All offseason, Swinney lamented the kicking game as his biggest concern, even with the losses of Tajh Boyd and Sammy Watkins, and of course, Ammon Lakip missed his lone field goal try that could’ve sent the Tigers to halftime with a lead. If only there hadn’t been so many dropped passes, so many mental errors in that first half, maybe that missed kick wouldn’t have loomed so large, anyway.

Clemson’s average starting field position in the second half was its own 17, and Swinney said the offense became too conservative while pinned deep in its own territory. If only that field position had been better, perhaps there wouldn’t be lingering questions today about Cole Stoudt and an offense that looked sharp early but disappeared late, mustering a woeful 15 yards and just one first down in the second half.

It’s Week 1, after all, and the “what ifs” are as meaningful a statistic as anything. But no matter what happens in the next 11 games, Week 1 did matter for Clemson and for the conference.

Yes, Gurley is a special player, but Clemson will face more of them, starting with Jameis Winston on Sept. 20. That the Tigers knew just what to expect from Gurley and still were incapable of slowing him down isn’t an aberration.

Yes, a few plays swung the game, but that’s how it goes against great teams -- and indeed, Georgia may be a great team. In fact, the Bulldogs will move forward with eyes on the College Football Playoff, and even if Clemson manages to upend Florida State later this month, it may find itself on the outside looking in thanks to those few bad plays between the hedges.

Yes, the field position was a problem. Adversity strikes in every game, but a team is measured not by the size of the obstacle but by its response. Clemson had none. For the second straight year, a Pruitt-coached defense appeared to have all the answers for the Tigers' up-tempo scheme.

Swinney said he’s learned more about his team from those rocky 60 minutes than he might've expected to learn in four weeks of a normal season, but there are still so many questions.

The offense had its moments, but Clemson had nine three-and-outs, and 12 of its 15 drives lasted six plays or fewer. That vaunted defensive line recorded just a single sack, while Georgia ran for 328 yards -- the most the Tigers’ defense has surrendered to a non-option team since Swinney took over as coach. Whether Stoudt’s line -- 16-of-29 for 144 yards and an INT -- was indicative of poor performance or too many drops by his receivers is of little consequence. Clemson needs to improve in both areas. Deshaun Watson looked impressive on one drive, perplexed on another, and the impact the freshman will make this week remains frustratingly unclear.

And then, of course, there’s the biggest question: What does it all mean for the ACC?

Fair or not, Clemson bore the weight of this new system, in which each team is evaluated within the context of its conference. A win over Georgia would've meant credibility for the endlessly discredited ACC. The loss removes perhaps the biggest safety net the conference might've had on what promises to be a razor-thin line it must walk for the next three months.

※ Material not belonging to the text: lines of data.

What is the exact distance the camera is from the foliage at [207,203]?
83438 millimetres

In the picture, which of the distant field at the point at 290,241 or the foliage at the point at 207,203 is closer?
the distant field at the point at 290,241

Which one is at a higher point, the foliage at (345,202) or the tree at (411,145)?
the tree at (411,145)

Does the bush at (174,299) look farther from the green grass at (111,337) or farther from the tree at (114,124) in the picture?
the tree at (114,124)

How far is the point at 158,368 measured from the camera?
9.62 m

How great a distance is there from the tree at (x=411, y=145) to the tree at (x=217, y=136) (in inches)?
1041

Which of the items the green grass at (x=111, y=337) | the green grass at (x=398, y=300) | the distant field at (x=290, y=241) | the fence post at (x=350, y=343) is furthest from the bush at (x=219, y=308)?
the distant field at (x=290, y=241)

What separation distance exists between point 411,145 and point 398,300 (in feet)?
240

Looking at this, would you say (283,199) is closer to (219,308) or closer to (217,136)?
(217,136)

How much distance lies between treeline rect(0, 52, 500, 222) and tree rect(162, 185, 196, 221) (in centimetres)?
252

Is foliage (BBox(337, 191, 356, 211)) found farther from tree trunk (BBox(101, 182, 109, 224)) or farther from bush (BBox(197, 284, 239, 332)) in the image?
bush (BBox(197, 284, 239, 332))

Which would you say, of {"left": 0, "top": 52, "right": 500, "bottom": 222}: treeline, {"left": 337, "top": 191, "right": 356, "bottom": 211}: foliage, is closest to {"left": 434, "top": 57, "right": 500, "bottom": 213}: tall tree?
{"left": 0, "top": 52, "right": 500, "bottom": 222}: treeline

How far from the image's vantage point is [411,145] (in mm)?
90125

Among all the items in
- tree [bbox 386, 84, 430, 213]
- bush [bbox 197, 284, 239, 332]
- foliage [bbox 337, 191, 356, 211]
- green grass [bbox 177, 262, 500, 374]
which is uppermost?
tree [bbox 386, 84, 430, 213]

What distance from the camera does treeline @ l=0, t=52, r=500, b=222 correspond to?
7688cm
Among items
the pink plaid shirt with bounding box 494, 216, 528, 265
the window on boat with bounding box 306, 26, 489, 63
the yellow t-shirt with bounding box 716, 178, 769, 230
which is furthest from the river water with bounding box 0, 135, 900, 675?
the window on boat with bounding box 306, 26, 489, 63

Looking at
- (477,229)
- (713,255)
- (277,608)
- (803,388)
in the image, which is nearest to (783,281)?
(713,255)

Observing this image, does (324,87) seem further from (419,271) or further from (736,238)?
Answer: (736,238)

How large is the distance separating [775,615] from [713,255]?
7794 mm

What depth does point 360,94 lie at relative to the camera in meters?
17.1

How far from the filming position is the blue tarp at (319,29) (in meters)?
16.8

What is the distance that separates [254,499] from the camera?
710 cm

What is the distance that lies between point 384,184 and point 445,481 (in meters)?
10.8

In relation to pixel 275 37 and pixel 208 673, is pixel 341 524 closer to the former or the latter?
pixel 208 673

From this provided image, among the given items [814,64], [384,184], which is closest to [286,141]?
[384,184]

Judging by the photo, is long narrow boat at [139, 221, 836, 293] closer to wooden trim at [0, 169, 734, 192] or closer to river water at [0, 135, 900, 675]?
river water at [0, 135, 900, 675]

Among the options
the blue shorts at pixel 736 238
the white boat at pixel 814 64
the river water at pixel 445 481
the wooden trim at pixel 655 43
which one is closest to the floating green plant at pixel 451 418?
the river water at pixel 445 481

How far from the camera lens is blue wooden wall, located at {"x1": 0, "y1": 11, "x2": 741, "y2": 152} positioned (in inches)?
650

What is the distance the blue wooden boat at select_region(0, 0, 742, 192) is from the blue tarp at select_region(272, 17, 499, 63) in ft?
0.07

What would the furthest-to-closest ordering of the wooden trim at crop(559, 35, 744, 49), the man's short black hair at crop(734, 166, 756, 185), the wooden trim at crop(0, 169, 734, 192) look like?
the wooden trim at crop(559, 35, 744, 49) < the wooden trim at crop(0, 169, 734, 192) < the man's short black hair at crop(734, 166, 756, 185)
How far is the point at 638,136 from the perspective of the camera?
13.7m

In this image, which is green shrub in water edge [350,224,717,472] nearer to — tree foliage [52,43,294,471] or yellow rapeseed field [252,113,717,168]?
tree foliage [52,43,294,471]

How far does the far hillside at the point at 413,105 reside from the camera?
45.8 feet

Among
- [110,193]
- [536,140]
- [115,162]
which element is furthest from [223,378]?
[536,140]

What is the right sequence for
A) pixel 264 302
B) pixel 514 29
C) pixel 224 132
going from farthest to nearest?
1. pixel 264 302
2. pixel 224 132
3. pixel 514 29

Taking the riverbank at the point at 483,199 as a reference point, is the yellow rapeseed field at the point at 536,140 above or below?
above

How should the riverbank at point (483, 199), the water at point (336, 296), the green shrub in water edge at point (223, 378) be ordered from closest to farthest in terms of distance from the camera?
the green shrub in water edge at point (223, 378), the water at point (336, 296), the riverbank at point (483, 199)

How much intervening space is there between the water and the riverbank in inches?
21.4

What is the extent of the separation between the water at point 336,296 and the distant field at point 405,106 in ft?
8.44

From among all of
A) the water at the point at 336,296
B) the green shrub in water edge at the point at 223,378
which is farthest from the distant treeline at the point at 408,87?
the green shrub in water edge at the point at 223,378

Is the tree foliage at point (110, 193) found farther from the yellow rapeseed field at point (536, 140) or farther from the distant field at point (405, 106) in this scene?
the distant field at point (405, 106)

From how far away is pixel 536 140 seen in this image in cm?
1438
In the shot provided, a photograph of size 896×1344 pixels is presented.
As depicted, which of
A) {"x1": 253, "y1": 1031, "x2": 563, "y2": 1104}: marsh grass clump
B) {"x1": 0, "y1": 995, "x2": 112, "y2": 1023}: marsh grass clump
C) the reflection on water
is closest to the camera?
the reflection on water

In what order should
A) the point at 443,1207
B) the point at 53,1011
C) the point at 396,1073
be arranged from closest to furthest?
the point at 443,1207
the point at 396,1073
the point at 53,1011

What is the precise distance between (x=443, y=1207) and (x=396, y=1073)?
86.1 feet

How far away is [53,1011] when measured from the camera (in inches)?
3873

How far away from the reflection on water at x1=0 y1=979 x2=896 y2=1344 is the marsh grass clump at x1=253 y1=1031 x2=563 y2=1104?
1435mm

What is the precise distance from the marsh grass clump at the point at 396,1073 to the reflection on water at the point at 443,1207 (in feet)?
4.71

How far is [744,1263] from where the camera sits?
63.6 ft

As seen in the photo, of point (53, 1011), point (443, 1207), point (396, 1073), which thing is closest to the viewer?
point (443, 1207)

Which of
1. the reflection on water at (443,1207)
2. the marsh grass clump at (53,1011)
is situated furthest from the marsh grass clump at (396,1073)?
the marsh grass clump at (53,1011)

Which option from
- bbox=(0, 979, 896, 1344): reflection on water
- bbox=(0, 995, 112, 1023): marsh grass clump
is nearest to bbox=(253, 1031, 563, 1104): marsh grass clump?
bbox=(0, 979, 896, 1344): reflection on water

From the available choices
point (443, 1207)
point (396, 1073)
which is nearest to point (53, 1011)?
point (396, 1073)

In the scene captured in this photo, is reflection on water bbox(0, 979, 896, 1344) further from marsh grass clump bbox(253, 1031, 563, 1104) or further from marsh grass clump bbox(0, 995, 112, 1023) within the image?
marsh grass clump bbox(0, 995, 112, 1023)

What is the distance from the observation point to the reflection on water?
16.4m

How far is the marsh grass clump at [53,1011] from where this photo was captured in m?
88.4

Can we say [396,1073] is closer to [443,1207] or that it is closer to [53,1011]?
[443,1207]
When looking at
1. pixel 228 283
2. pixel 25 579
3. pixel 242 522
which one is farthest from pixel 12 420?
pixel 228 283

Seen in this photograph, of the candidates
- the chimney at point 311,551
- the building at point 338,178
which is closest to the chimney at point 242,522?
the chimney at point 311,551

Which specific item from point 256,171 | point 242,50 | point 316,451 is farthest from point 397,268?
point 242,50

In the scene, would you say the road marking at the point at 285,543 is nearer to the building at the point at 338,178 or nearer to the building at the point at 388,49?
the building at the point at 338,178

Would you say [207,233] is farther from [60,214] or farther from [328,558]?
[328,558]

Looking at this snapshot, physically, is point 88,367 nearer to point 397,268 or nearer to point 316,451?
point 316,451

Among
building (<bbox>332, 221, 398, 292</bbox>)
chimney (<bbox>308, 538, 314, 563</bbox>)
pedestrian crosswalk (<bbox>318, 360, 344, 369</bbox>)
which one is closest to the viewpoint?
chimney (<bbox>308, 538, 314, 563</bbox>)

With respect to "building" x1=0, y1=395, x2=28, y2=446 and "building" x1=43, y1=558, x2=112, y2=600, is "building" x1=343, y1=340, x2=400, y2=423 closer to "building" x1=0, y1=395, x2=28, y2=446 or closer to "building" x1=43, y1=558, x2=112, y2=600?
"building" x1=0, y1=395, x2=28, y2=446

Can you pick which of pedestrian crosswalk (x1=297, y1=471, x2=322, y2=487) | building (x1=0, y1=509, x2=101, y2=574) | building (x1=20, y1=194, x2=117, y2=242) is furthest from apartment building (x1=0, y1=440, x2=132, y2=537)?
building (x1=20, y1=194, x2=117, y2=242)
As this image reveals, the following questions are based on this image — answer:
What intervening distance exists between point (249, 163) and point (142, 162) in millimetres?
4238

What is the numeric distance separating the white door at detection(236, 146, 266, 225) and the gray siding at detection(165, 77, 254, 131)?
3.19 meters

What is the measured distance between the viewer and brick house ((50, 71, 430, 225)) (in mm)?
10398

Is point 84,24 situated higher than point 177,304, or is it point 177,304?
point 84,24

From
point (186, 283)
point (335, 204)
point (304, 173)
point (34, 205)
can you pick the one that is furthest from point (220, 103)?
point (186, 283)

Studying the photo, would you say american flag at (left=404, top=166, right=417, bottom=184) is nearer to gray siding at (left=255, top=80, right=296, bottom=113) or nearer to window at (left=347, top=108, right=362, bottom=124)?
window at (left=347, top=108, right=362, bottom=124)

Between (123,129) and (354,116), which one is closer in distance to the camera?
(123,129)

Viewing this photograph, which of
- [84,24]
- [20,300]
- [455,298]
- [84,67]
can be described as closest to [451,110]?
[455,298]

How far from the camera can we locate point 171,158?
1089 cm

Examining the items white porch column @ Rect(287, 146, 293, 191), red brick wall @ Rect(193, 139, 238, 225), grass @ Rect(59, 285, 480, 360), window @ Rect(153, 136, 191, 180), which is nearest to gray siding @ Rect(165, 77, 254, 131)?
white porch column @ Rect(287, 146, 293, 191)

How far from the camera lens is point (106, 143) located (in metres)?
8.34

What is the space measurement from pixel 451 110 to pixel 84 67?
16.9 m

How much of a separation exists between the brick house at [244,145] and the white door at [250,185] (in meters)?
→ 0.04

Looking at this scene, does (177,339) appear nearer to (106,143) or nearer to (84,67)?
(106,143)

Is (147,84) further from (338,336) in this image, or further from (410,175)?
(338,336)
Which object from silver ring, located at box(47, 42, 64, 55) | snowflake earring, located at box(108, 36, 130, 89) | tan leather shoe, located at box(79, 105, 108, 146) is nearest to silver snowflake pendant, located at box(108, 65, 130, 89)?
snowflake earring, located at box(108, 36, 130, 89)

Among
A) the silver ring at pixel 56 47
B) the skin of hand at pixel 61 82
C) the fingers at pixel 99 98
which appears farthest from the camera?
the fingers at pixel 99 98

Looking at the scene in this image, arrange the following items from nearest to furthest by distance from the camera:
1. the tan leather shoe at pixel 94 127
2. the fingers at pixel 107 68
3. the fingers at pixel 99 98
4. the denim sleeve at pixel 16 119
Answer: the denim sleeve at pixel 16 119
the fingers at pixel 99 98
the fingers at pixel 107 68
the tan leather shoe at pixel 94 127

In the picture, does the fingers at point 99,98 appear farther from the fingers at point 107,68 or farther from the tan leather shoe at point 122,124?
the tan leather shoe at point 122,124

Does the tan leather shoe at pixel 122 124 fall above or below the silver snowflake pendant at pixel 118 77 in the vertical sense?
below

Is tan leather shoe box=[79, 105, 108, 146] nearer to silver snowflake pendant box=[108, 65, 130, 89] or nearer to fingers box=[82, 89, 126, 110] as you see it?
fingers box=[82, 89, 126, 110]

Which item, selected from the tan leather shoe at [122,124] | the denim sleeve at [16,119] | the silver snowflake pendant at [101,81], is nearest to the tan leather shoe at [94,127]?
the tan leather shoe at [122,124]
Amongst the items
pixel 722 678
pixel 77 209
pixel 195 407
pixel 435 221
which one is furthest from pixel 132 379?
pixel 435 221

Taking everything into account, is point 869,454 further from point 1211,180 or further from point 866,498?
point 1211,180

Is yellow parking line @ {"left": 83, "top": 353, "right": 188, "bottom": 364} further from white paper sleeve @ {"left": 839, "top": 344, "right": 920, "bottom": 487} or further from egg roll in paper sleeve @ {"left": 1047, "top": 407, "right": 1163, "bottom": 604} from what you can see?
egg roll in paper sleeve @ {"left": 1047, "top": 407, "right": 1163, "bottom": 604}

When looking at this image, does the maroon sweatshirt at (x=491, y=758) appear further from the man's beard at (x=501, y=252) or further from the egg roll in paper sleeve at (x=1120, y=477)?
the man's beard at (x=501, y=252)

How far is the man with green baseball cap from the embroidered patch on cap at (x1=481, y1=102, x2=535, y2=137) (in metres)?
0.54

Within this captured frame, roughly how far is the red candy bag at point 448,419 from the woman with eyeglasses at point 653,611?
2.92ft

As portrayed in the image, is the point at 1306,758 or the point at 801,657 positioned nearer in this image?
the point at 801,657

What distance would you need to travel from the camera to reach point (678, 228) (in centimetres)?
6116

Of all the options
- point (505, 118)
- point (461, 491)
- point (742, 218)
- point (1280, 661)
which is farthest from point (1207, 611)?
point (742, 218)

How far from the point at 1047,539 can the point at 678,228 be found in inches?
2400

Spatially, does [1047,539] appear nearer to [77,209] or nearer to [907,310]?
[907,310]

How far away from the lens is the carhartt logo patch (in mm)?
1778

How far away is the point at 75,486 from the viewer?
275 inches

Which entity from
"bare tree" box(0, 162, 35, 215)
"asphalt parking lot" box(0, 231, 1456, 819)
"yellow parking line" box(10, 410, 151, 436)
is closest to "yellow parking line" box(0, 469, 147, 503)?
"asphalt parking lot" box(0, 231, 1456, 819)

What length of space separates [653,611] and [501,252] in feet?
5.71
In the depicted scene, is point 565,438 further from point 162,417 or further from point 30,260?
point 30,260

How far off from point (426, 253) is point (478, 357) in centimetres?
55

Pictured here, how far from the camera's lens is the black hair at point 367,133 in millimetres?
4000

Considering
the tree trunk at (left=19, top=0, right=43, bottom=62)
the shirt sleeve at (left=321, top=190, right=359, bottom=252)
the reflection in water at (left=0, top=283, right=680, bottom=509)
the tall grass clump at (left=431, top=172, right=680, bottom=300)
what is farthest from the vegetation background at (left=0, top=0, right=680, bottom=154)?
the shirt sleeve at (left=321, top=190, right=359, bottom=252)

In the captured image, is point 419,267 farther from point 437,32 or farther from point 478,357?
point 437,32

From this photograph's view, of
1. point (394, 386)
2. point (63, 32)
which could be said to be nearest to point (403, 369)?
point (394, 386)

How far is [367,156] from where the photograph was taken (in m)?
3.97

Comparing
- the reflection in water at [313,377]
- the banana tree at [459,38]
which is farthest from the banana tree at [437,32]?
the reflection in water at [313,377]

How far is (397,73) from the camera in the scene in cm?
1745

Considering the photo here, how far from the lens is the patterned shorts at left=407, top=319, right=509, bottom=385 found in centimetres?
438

Florida State looked flawed against an unranked Oklahoma State team. NC State, Syracuse, Georgia Tech and North Carolina all struggled, to some degree, against FCS-level competition. And Clemson lost by 24 points to Georgia in a game that probably was far closer than the score indicated. The problem, however, is that no one knows whether the playoff selection committee will remember how close the Tigers came when it’s time to make a decision on who’s in and who’s out.

A lot can happen in the next 11 games, and Swinney is right to focus on what’s ahead. But the path to the playoff grew more narrow with Saturday’s loss, and for all the data Swinney accumulated and for all the film there is to study, there’s really only one thing that’s certain.

“All we know about our football team right now,” Swinney said, “is we’re not going to win them all.”